** EXERCISE PROMPT **
Would you print the data below exactly, leaving out every picture?

═══ DATA EXCERPT

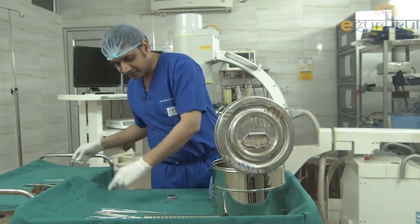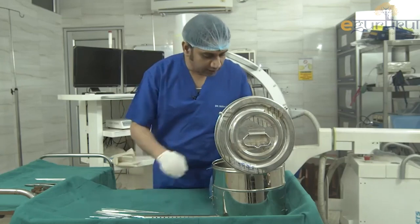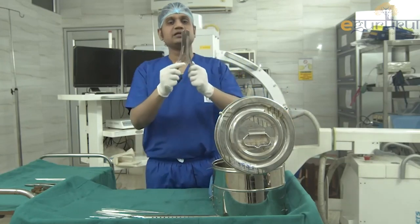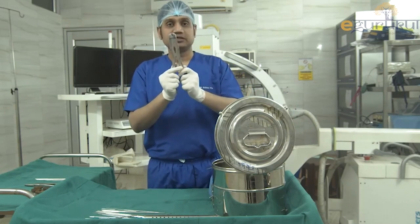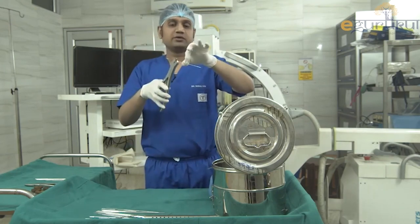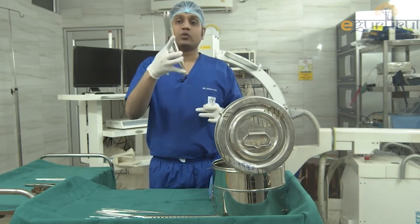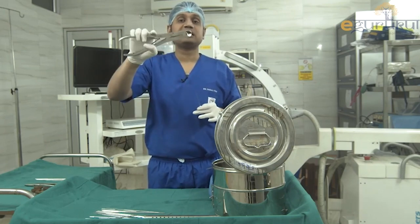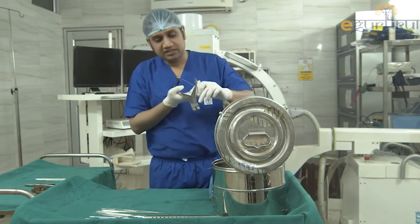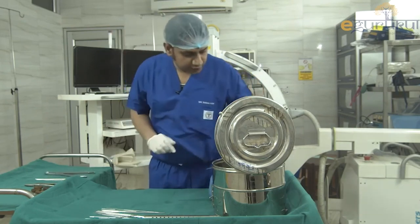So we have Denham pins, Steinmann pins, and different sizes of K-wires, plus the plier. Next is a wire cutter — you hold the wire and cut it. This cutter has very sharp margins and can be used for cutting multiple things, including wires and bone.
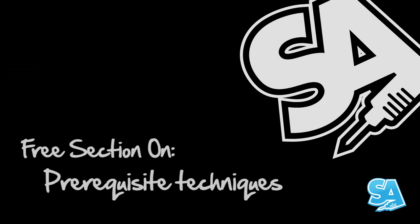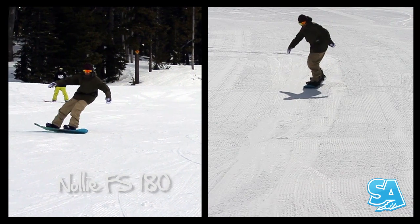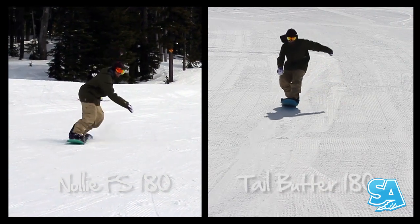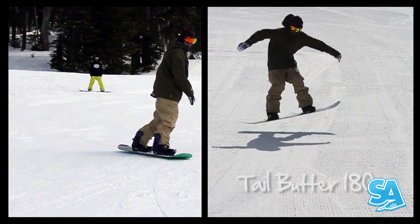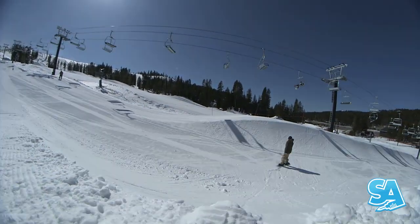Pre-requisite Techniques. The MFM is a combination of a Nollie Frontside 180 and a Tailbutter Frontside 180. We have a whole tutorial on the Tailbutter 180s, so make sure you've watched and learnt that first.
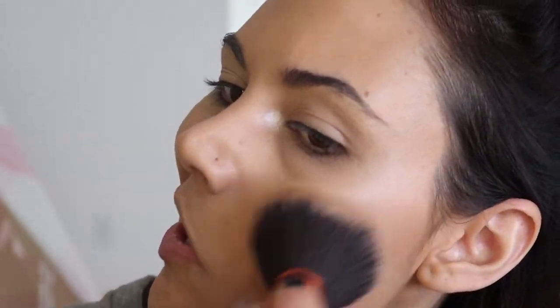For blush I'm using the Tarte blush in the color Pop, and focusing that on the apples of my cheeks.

══════

** ANSWER BELOW **
So we have Denham pins, Steinmann pins, and different sizes of K-wires, plus the plier. Next is a wire cutter — you hold the wire and cut it. This cutter has very sharp margins and can be used for cutting multiple things, including wires and bone.
Pre-requisite Techniques. The MFM is a combination of a Nollie Frontside 180 and a Tailbutter Frontside 180. We have a whole tutorial on the Tailbutter 180s, so make sure you've watched and learnt that first.
For blush I'm using the Tarte blush in the color Pop, and focusing that on the apples of my cheeks.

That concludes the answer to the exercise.